Around day 3, the amount of blood in my stool had decreased significantly. They promoted my diet to full liquid to see how things would go. The number of BMs by this point had decreased to 15 or so a day. It was also on this day that they started my first Remicade infusion.
Day 5, they allowed me a full diet, letting me eat whatever I felt comfortable with and things have continued to be basically the same.
It's now Day 9 and I've convinced them to switch me to full oral medications. I'm down to under 10 BMs a day, though they generally come in packs, where I'll have 3 within an hour of waking up, 3 within an hour of each other in the afternoon, and 3 in the late evening. There's still no blood in any of the stools, but I'm still experiencing a great deal of pain and discomfort before, during, and for around 30 minutes after the series of BMs. The BMs are, at best, semi-formed and simply contain a lot of gas and a lot of liquid.
Looking to get out of here by tomorrow, does anyone have any advice regarding decreasing the number of BMs, decreasing the liquid content, and finally kicking out the pain that surrounds them? It's not a constant all-consuming thing, but is a stark reminder that I'm not exactly at the peak of health.

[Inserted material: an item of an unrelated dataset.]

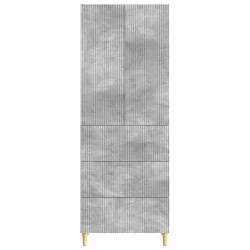 Ensemble de Meubles 2 pcs 66 x 34,5 x 90 cm Bois d'ingénierie 638000638000
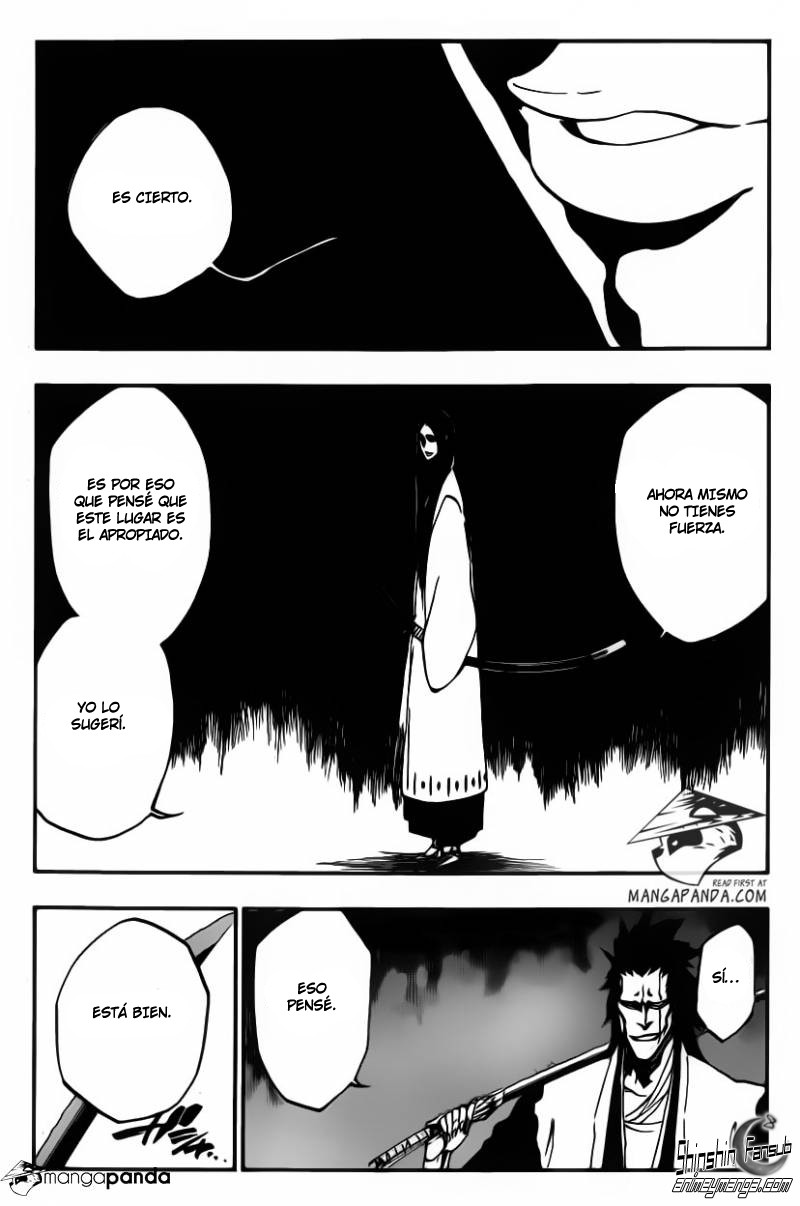 Read Bleach ES Manga Online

My diet currently consists of so much god-darn salmon and soft cooked veggies and eggs and rice, that it's starting to drive me a bit bonkers. I'm thinking about starting on some kind of probiotic once I get out of here as well, so any advice on that would be most welcome.
Also, I'm lactose intolerant. Has anyone here with lactose intolerance tried Lactase pills with any success?